You plan to reject if "more than 3" are allergic. So the significance level $\alpha = P(X > 3)$ $= P(X \ge 4)$ $= 1 - P(X \le 3) = 0.056,$ as computed exactly in R below, where pbinom denotes a binomial CDF. The significance level is sometimes called the probability of Type I error.

[You might get a useful rough approximation to this probability with a normal distribution. I don't know whether you are expected to do that. If so, you need to find the standard deviation of this binomial distribution.]

1 - pbinom(3, 15, .1)
## 0.05555563

Probability of Type II error: Keeping that significance level and critical value 4 for a right-sided test against the alternative $H_a: p = 0.2 > 0.1),$ the Type II error is the probability of not rejecting. So you are assuming $X \sim \mathsf{Binom}(15, 0.2),$ and you seek $P(X \le 3) = 0.648.$ [A normal approximation with continuity correction gives $\approx 0.63.]$

pbinom(3, 15, .2)
## 0.6481621

Graphical summary: In the left panel below: The significance level is the sum of the heights of the bars to the right of the vertical broken line.

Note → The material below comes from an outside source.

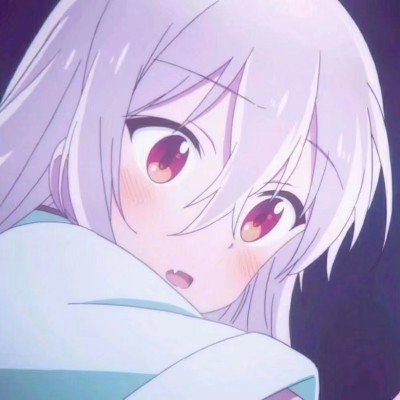 习惯高中穿搭的我突然上了大学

At right: the specified probability of Type II error is the sum of the heights of the bars to the left of the vertical broken line. [The 'best fitting' normal curve gives an idea why the normal approximation is a little too small.]

enter image description here

Note: Exact binomial computation using PDF. Using R as little more than a calculator. Not too difficult on an ordinary calculator.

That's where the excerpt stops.